Less than a month after signing an executive order creating an Advisory Council on Infrastructure, President Trump has canceled it.

During his campaign, Trump put America’s infrastructure high on the list. Gallup polls revealed it to be the “most important Trump promise.” The administration declared $1 trillion would be put into improving the roads, bridges, water and other infrastructure in such sad need of repair it received a D+ by the American Society of Civil Engineers. The Council, headed by New York developers, Richard LeFrak and Steven Roth, would have advised on projects for numerous public works across the country.

This decision comes one day after dismantling two other councils — American Manufacturing Council and the Strategic and Policy Forum — where several chief executives quit in protest over the President’s response to a white nationalist attack in Charlottesville, Virginia.

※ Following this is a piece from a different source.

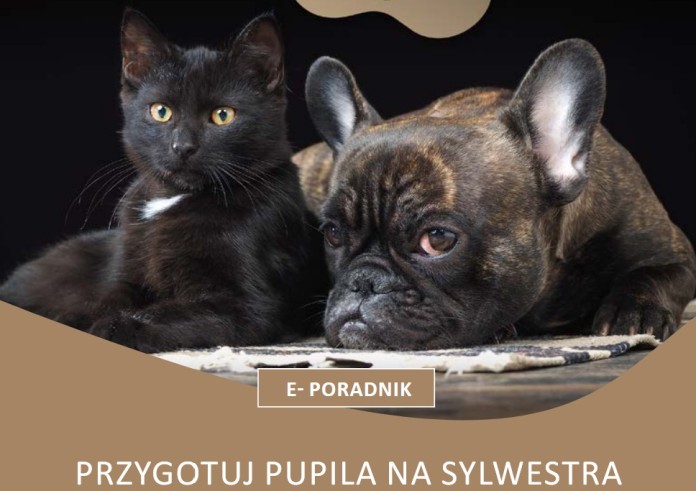 Sylwestrowy poradnik dla właścicieli zwierząt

The Committee on the Arts and Humanities has also resigned.

During divisive times across the nation, infrastructure is one topic where all political parties concur with each other about its importance. In fact, while openly opposed to many of the policies of the new administration, California Sen. Kamala Harris told The Sacramento Bee, that infrastructure was one area where she might be able to agree with this president. “California has $59 billion in unmet transportation needs,” she said, “If you are ever on the 405 in LA and if you lived in Los Angeles people would tell you it is a human rights issue. We have an incredible need for upgrading our transportation infrastructure in California. I joke, human rights, but the reality is that in a lot of places in our country people cannot afford to live where they work . . . they commute long hours, and that’s hours they are not spending with their family, hours they are not spending at work, so we should make transportation easier.”

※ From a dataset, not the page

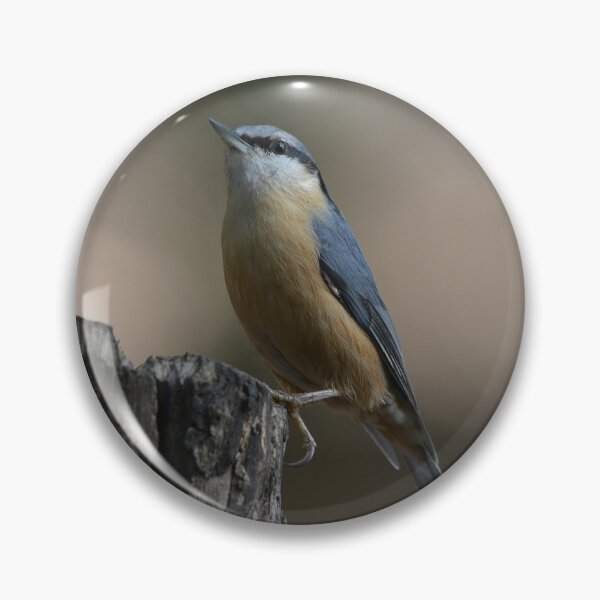 Item preview, Nuthatch on tree stump designed and sold by ClaireChown.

As Fox News noted, “Fixing the country’s aging infrastructure was supposed to be the big takeaway from Tuesday’s now-infamous Trump Tower remarks.” Uncertainty now surrounds the impact this will have on infrastructure projects, but more information may be coming in a few months. Bloomberg reports, “The administration has said it intends to have details on its infrastructure plan this fall but has signaled the approach will be to allocate $200 billion in federal dollars on rural and ‘transformational’ projects over 10 years and on incentives for states, localities, and the private sector to spend $800 billion.”